Review by Sacha Waldron | 04 Dec 2014

A real gem in the WW1 creative commemorations this year comes from The Sensory War, on show at Manchester Art Gallery until February 2015. This group exhibition focuses on military conflict and explores how artists have communicated these often horrific impacts on the body, mind, environment and human senses over the last 100 years. A lot of the work is difficult to take in; you want to look away but are somehow continually drawn back in. There is a reason to look and remember, yet a reason to look away. A significant number of works – and there is a lot to see here – are taken from Manchester City Art Gallery’s own collection. Former director Lawrence Haward started to collect war art just after his appointment in 1914 and until his retirement, remarkably, in 1945; a career spanning two world wars. 

The exhibition starts with an exploration of the transformative nature of war on society and on the types of new experiences both men and women were exposed to. A whole generation of young men were introduced to a thrilling new world of adventure; to travel, to fly. Eric Ravilious renders these experiences in blues and greens, capturing the lights of early morning and twilight – the shapes menacing, the mood not. These atmospheric watercolours are in the same style as his earlier 1930s renders of greenhouses, pot plants, country lanes. The only difference is that the moths of nature have now become the Tiger Moths of the war-time skies.
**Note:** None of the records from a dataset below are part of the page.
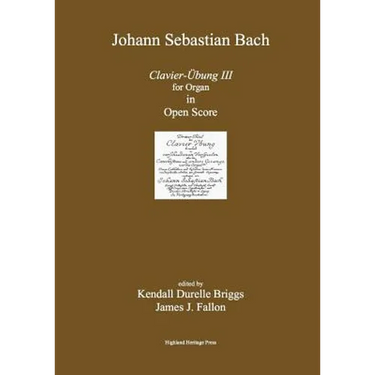 Bach Clavier Ubung III Open Score Edition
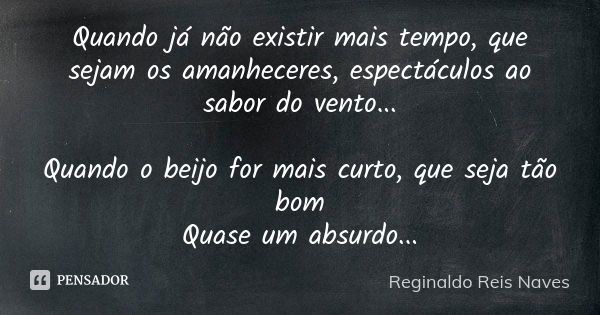 Quando já não existir mais tempo, que sejam os amanheceres, espectáculos ao sabor do vento... Quando o beijo for mais curto, que seja tão bom Quase um absurdo..... Frase de Reginaldo Reis Naves.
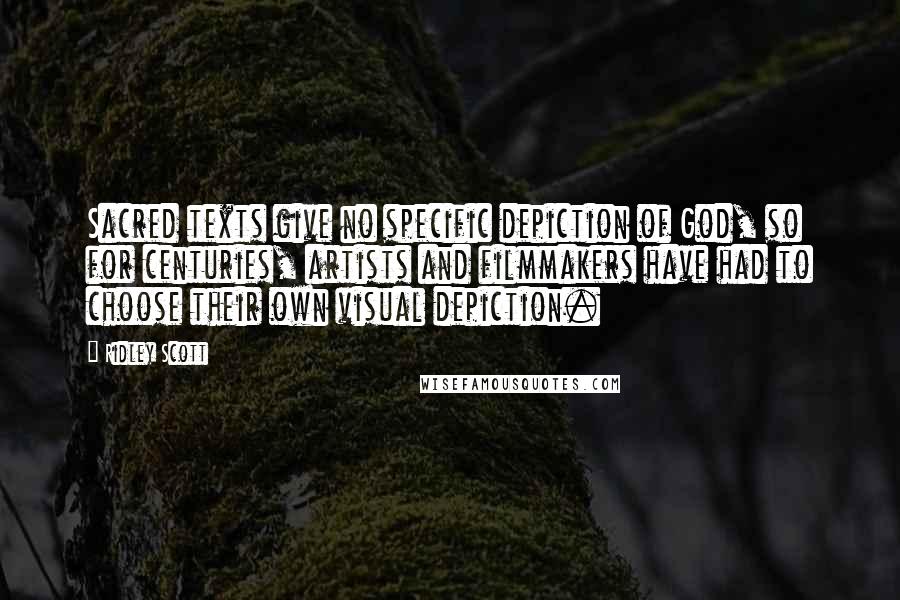 Ridley Scott Quotes: Sacred texts give no specific depiction of God, so for centuries, artists and filmmakers have had to choose their own visual depiction.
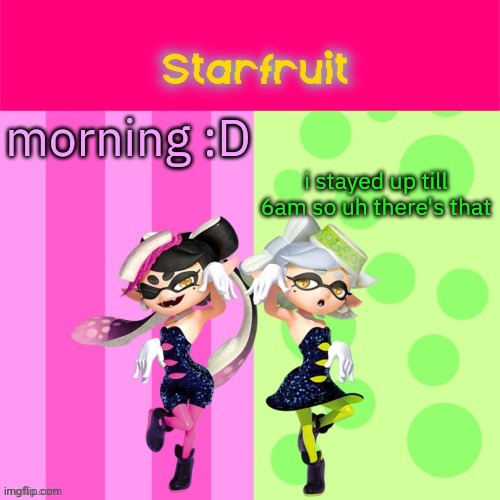 aaa | i stayed up till 6am so uh there's that; morning :D | image tagged in squid sister temp by luckily deleted | made w/ Imgflip meme maker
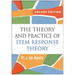 The Theory and Practice of Item Response Theory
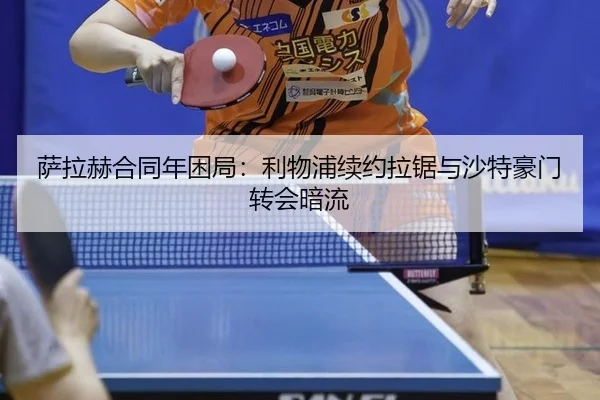 萨拉赫合同年困局：利物浦续约拉锯与沙特豪门转会暗流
Though most of the work comprises painting and drawing, photography takes up much of the middle section of the show. A key image comes from the iconic Marine Wedding series by Nina Berman. Here we see Marine Sgt. Tyler Ziegel, who had been seriously injured by a suicide bomber in Iraq, losing most of his facial features, standing beside his wife on their wedding day. Both of their expressions are inscrutable, albeit for different reasons. We learn from the panel that Ziegel and his wife divorced soon after this image was taken and Tyler later died from alcohol and heroin poisoning.

Striking works, being shown for the first time in the UK, come from the ‘hibakusha,’ a name which refers to the survivors of the atomic bomb dropped on Hiroshima. The word literally translates as ‘exploded-affected people’ and these works were made in the 1970s. Blank ash landscapes populated by the – now sparse – lights of houses are shown against a backdrop of menacing red and black mountains in Lights blinking on in the atomic desert, from Gisaku Tanaka. Elsewhere, ragged people, their features just shapes and ideas, are shown caught among mauve swirls of poison. In a way a photograph can never achieve, these drawings provoke the imagination to imagine every burn, every sickness, confusion and future memory of the bomb.